Why Electrostatics Rules the Life of a Cell

Public Lecture

Why Electrostatics Rules the Life of a Cell

Robijn Bruinsma

Wed, Jul 10, 5:30–6:30pm

Flug Forum, Aspen Center for Physics

Physics recognizes four fundamental interactions: Gravity, Electromagnetism, and the Strong and Weak Interactions. For life at the level of cells, just one interaction matters: electrostatics. The basic electrostatic force has a very simple form, similar to Newton’s Law of Gravitation but at the level of the cell, a zoo of complex physical interactions is encountered: “aqueous” electrostatics, the hydrophobic interaction, the hydrophilic interaction, and the van der Waals interaction. The talk will discuss how all these interactions emerge from the basic electrostatic interaction by the combined effects of entropy and quantum mechanics.
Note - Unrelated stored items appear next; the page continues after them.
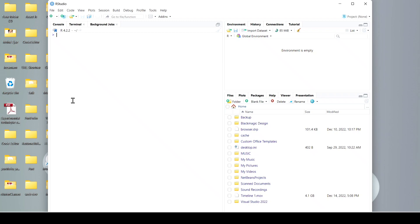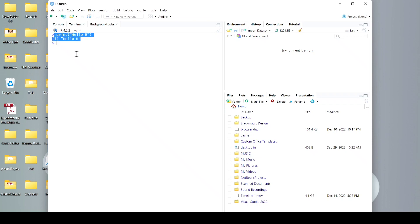Now here, just type 'print' and after that provide the round bracket, then quotes, and type 'Hello R'. Now after that just click on Enter — you can see R has printed it. Hello R is printed successfully!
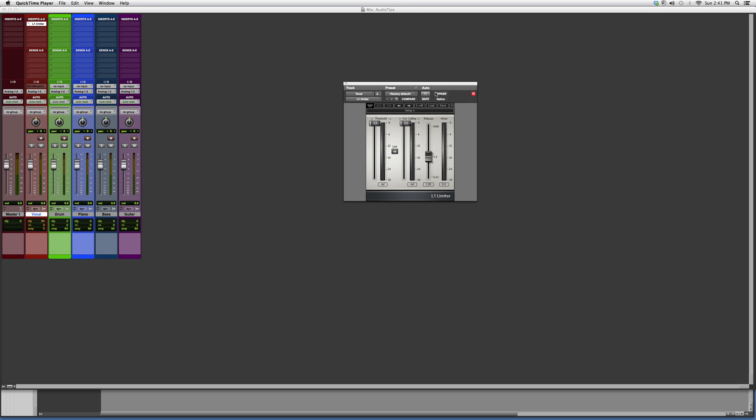Hey guys, what's up, welcome to Audio Tips. Today I'm gonna open up the limiter families. This is the L1 limiter for beginners and new users to Pro Tools. These are very powerful plugins — what they do is they limit your amplitude to a certain level.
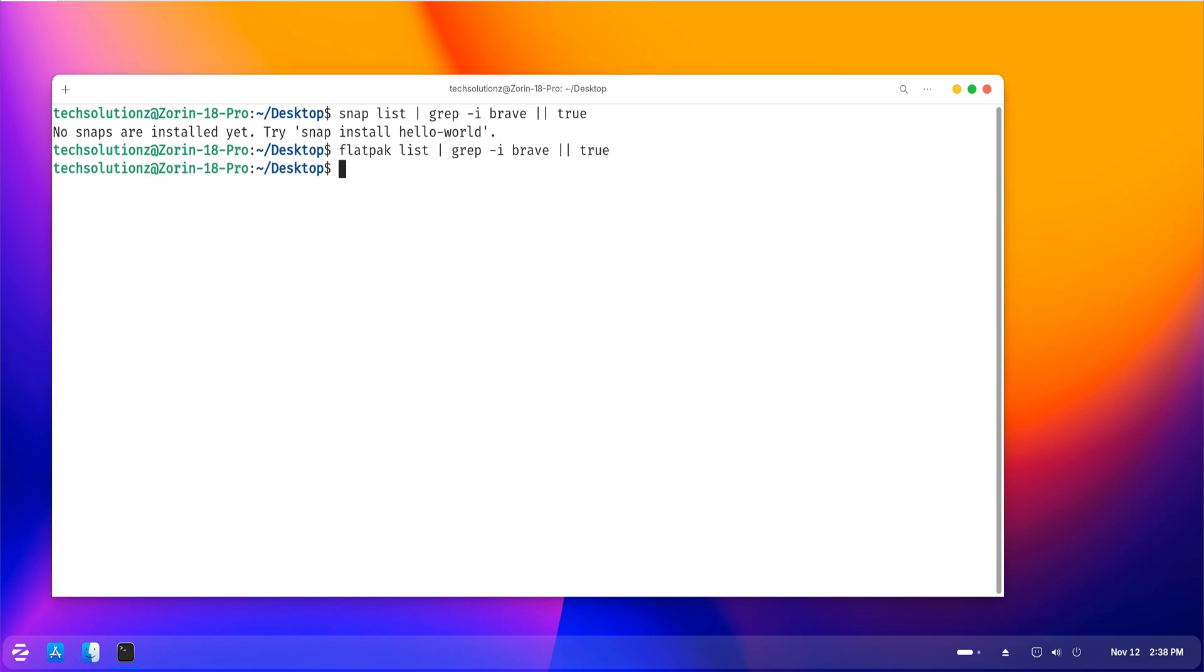Once everything is gone, your Zorin system will be completely free of Brave browser and any related components. After completing these steps, it's a good idea to refresh your package list and optionally reboot the system. That ensures all caches are rebuilt and your software environment is back to a clean state.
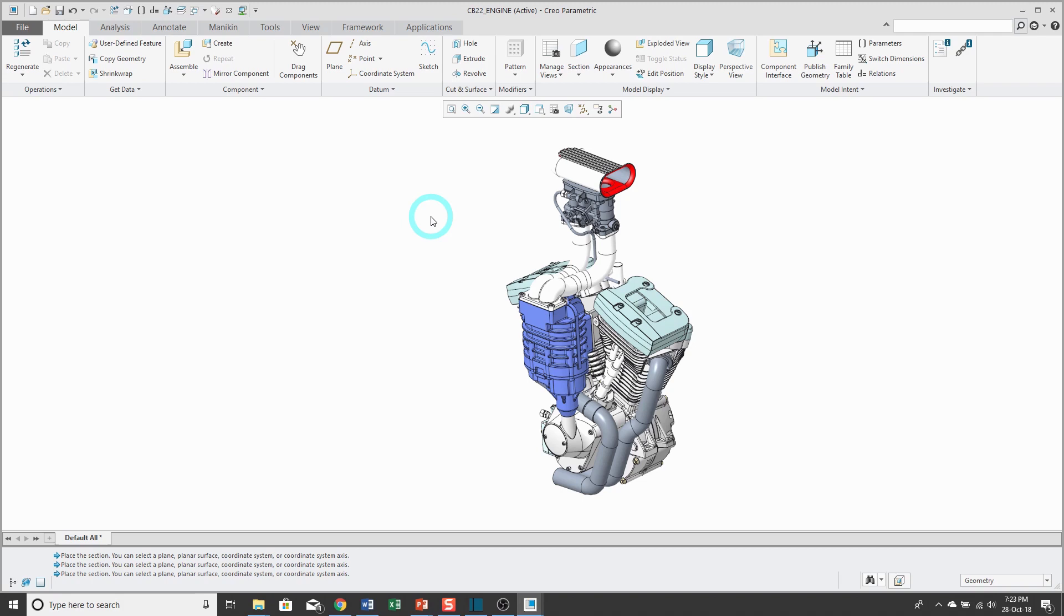Cross sections have many uses in Creo Parametric. They can help you as you're designing, you can use them in designer views to explain your model to other people, and of course you often use them in drawing views. You can define the cross section in the drawing, but I find it a lot easier to do in the model.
This emergent form of electrostatics provides us with fundamental insights into the organization of cells, into the workings of important biomolecules like DNA and proteins, it tells us how nervous signals get transmitted, and how an important part of our immune system works.

Robijn Bruinsma Headshot

About Robijn Bruinsma

Robijn Bruinsma is Emeritus Professor of Physics and Astronomy at the University of California, Los Angeles (UCLA) where he specializes in the application of physics to cell and molecular biology.

He has a B.S. in Physics from the Vrije Universiteit, Amsterdam (1974), an M.S. in Physics from Utrecht University (1976), and a Ph.D. in Physics (1976) from the University of Southern California where his thesis advisor was Kazumi Maki. He conducted postdoctoral research at Harvard University (1979-1980), before moving to Brookhaven National Laboratory as a Research Associate (1980-1982). Bruinsma was then a Visiting Scientist at the IBM T. J. Watson Research Center (1982-1984) before moving to UCLA in 1984.

His current research focus is the self-assembly of viruses in particular of HIV.

Bruinsma has received the Pierre et Marie Curie Visiting Professorship of the City of Paris Industrial Physics and Chemistry Higher Educational Institution (ESPCI) (1994) and the Rothschild Foundation Fellowship (1996). He has also been named Fellow of the American Physical Society (2001), a Distinguished Lecturer of the Collège de France (1999), received the Hans Fischer Fellowship of the Technical University Munich (2011), and was a Simons Fellow (2016).

Heinz R. Pagels Public Lecture Series

Heinz R Pagels was a professor of physics at Rockefeller University, president of the New York Academy of Science, a trustee of the Aspen Institute, and a member of the Aspen Center for Physics for twenty years, serving as a participant, officer, and trustee. He was also President of the International League for Human Rights. His work on chaos theory inspired the character of Ian Malcolm in the Jurassic Park book and movies. A part-time local resident, Professor Pagels died here in a mountaineering accident in 1988. His family and friends instituted the lecture series in his honor because he devoted a substantial part of his life to effective public dissemination of scientific knowledge.